▼
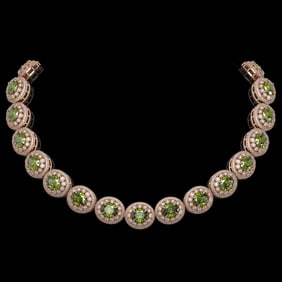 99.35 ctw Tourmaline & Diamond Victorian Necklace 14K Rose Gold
▲
▼
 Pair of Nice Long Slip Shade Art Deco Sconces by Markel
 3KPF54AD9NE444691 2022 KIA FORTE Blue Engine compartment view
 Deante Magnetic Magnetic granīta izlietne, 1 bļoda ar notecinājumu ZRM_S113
▲
- _What to produce_
In the listing above, find the line with "3KPF54AD9NE444691 2022 KIA" and the line with "Deante Magnetic Magnetic"; set down exactly those two lines and every line between them, nothing more.

- _Answer_
 3KPF54AD9NE444691 2022 KIA FORTE Blue Engine compartment view
 Deante Magnetic Magnetic granīta izlietne, 1 bļoda ar notecinājumu ZRM_S113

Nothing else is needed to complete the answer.